ASDA merupakan jaringan took kelontong di UK yang menghadapi kebangkrutan di tahun 1991. Archie Norman adalah CEO yang berhasil mengkombinasikan Teori E dan O dengan hasil yang spektakuler: kepercayaan dan keterbukaan karyawan – dan meningkatnya keuntungan shareholder delapan kali lipat.

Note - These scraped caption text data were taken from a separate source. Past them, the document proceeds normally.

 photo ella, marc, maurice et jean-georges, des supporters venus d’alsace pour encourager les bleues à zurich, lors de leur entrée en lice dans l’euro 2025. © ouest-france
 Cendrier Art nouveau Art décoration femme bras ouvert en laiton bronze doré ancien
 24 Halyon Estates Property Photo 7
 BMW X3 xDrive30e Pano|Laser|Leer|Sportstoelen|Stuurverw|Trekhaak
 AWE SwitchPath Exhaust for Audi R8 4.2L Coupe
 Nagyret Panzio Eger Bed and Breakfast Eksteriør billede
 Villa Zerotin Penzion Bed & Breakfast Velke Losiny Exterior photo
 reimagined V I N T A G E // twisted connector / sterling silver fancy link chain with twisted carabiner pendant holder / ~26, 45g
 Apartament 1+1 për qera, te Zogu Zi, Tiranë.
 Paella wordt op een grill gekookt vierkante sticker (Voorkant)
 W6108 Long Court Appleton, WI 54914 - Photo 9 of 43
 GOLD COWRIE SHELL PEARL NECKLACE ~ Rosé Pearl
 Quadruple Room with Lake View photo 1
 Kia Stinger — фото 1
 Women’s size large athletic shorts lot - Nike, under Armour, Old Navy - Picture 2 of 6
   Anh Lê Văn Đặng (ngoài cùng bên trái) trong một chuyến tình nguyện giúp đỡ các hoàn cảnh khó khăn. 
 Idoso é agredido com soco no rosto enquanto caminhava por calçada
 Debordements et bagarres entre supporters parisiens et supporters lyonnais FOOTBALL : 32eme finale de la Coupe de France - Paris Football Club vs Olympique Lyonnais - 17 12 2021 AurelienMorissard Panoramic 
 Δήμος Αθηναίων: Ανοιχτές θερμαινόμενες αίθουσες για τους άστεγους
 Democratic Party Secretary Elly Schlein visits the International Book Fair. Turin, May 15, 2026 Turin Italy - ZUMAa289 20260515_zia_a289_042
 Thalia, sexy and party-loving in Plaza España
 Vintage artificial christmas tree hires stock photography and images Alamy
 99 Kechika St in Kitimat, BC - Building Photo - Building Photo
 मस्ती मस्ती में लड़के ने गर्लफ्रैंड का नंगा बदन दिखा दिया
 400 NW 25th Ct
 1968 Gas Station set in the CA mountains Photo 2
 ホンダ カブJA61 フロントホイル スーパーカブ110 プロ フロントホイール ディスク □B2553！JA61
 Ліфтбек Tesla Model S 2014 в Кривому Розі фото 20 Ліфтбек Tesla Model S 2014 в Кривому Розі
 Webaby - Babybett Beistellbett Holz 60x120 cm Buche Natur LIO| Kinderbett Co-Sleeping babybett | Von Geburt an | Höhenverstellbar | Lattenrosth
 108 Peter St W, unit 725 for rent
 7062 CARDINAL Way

Dimensi Perubahan | Bagaimana mengkombinasikan Teori O dan E | Contoh dari ASDA |
Tujuan | Merangkul paradox antara nilai ekonomis dengan kapabilitas organisasi | Norman memulai masa jabatannya dengan mengatakan “tujuan kita yang pertama adalah untuk memastikan keuntungan para pemegang saham kita” dan “Kita membutuhkan budaya yang dibangun diseputar gagasan umum…..dan mendengarkan, belajar, dan kecepatanrespon, dari took ke atas” |
Kepemimpinan | Tetapkan tujuan dari atas dan motivasi karyawan dari bawah | Norman secara sepihak menetapkan strategi tariff yang baru dan memindahkan kekuasaan dari kantor pusat ke took-toko. Program “Berterus Terang pada Archie” –nya mendorong terjadinya dialog pada seluruh karyawan. Ia menyewa konsultan yang hangat dan mudah diakses – Allan Leighton – untuk melengkapi gaya kepemimpinannya yang cenderung ke Teori O dan untuk menguatkan komitmen emosional di ASDA. |
Fokus | Fokus pada sisi hard dan soft organisasi | Norman mengupayakan untuk memenangkan hati dan juga pikiran. Ia memacu pertumbuhan nilai ekonomis melalui perubahan kuat pada struktur, misalnya memindahkan orang-orang pada lapisan atas hirarki organisasi dan membekukan semua gaji. Dia menaruh perhatian yang tinggi pada sisi soft dengan menghabiskan 75% bulan-bulan pertamanya sebagai manajer SDM untuk menciptakan organisasi yang lebih transparan dan egaliter – “sebuah tempat bekerja yang hebat untuk semua orang” |
Proses | Berencana untuk spontanitas | Norman mendorong terjadinya eksperimentasi, menetapkan tiga took “bebas risiko” dimana karyawan bisa melakukan kesalahan tanpa terkena penalty. Para manajer bereksperimen dengan lay out toko, variasi produk, peran karyawan. Sebuah tim cross-functional meredesain ASDA secara keseluruhan dan menghasilkan inovasi yang signifikan. |
Reward System | Menggunakan insentif untuk memperkuat, bukan untuk mendorong perubahan | ASDA menerapkan insentif Teori E dengan cara O. Perusahaan ini mendorong partisipasi aktif seluruh karyawan untuk mengubah ASDA. Dan perusahaan ini memberi reward bagi komitmen mereka berupa kepemilikan stock dan variasi pembayaran berbasis pada kinerja perusahaan dan kinerja toko. |
ASDA telah mampu membangun keunggulan kompetitif berkesinambungan, sesuatu yang dulu tidak mampu dibangun oleh Dunlap di Scott Paper dan Sigler dengan Champion-nya. Hasil seperti yang didapat oleh ASDA juga mungkin didapat oleh organisasi lain pada jaman sekarang yang ingin membangun keunggulan kompetitifnya masing-masing. Namun keunggulan tersebut hanya dating dari kemauan yang konstan dan kemampuan untuk membangun organisasi untuk jangka panjang, dikombinasikan dengan monitoring secara konstan terhadap shareholder value. E dan O menari secara harmonis tanpa akhir.